Supported Data Formats and Structures:¶
JSONL¶
Each line is a JSON object representing an example.
{"context": "The context content", "question": "The question", "answers": {"answer_start": [int], "text": [str]}}
CSV¶
Should contain 'context', 'question', and 'answers' columns.
context,question,answers
"The context content","The question","{'answer_start': [int], 'text': [str]}"
Parquet¶
Should contain 'context', 'question', and 'answers' columns.
JSON¶
An array of dictionaries with 'context', 'question', and 'answers' keys.
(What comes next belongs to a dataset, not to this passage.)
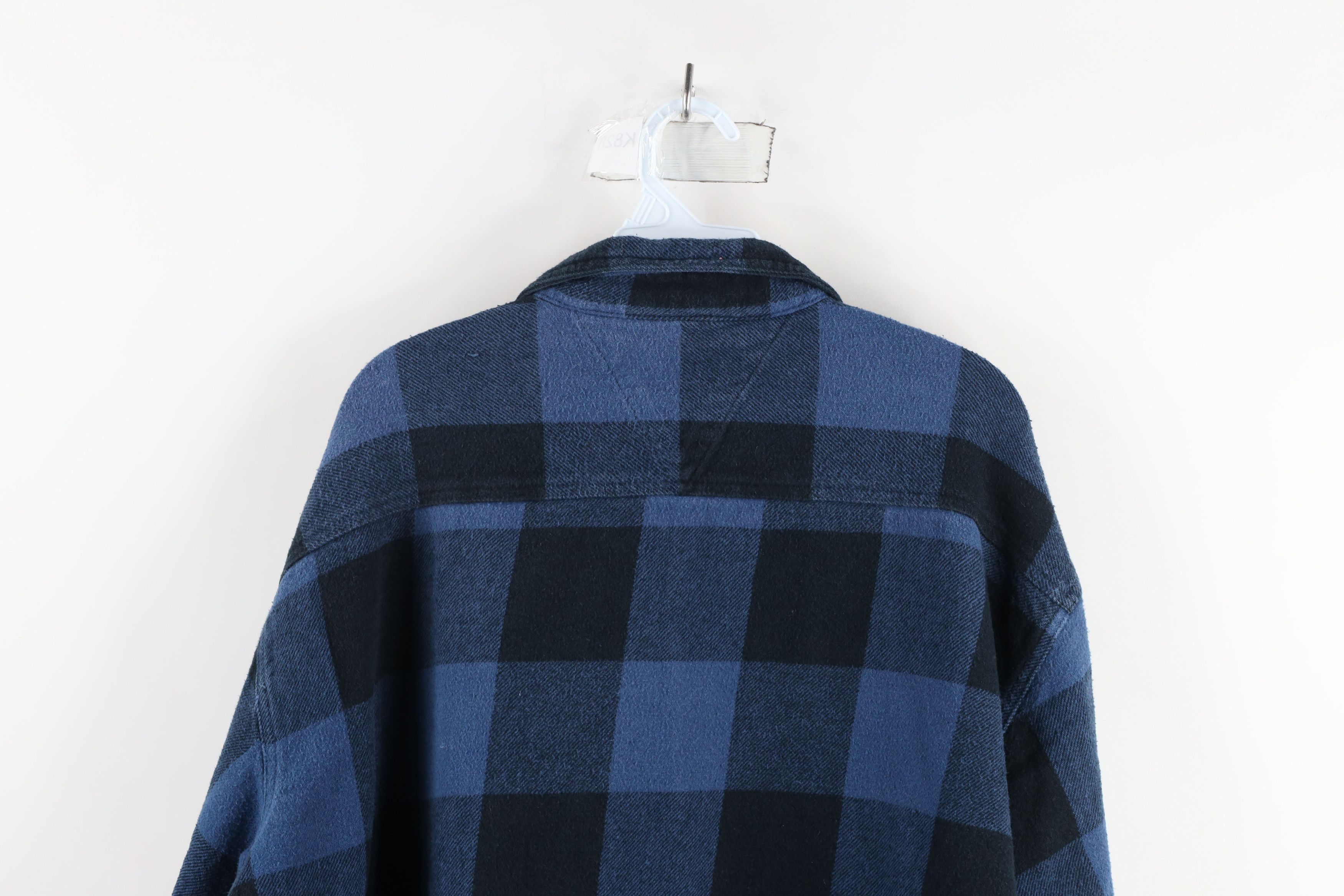 Vintage Vintage 90s Streetwear Heavyweight Button Shirt Plaid Size US XXL / EU 58 / 5 - 10 Thumbnail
[{"context": "The context content", "question": "The question", "answers": {"answer_start": [int], "text": [str]}}]
XML¶
Each 'record' element should contain 'context', 'question', and 'answers' child elements.
<record>
<context>The context content</context>
<question>The question</question>
<answers answer_start="int" text="str"></answers>
</record>
YAML¶
Each document should be a dictionary with 'context', 'question', and 'answers' keys.
TSV¶
Should contain 'context', 'question', and 'answers' columns separated by tabs.
Excel (.xls, .xlsx)¶
Should contain 'context', 'question', and 'answers' columns.
SQLite (.db)¶
Should contain a table with 'context', 'question', and 'answers' columns.
Feather¶
Should contain 'context', 'question', and 'answers' columns.
Parameters:
Name | Type | Description | Default |
---|---|---|---|
dataset_path |
str
|
The path to the dataset directory. |
required |
pad_on_right |
bool
|
Whether to pad on the right. |
True
|
max_length |
int
|
The maximum length of the sequences. |
None
|
doc_stride |
int
|
The document stride. |
None
|
evaluate_squadv2 |
bool
|
Whether to evaluate using SQuAD v2 metrics. |
False
|
Returns:
Name | Type | Description |
---|---|---|
Dataset |
Optional[Dataset]
|
The loaded dataset. |
prepare_train_features(examples, cls_token_id=None)
¶
Tokenize our examples with truncation and padding, but keep the overflows using a stride.
Parameters:
Name | Type | Description | Default |
---|---|---|---|
examples |
Dict[str, Union[str, List[str]]]
|
The examples to be tokenized. |
required |
Returns:
Type | Description |
---|---|
Optional[Dict[str, Union[List[int], List[List[int]]]]]
|
The tokenized examples. |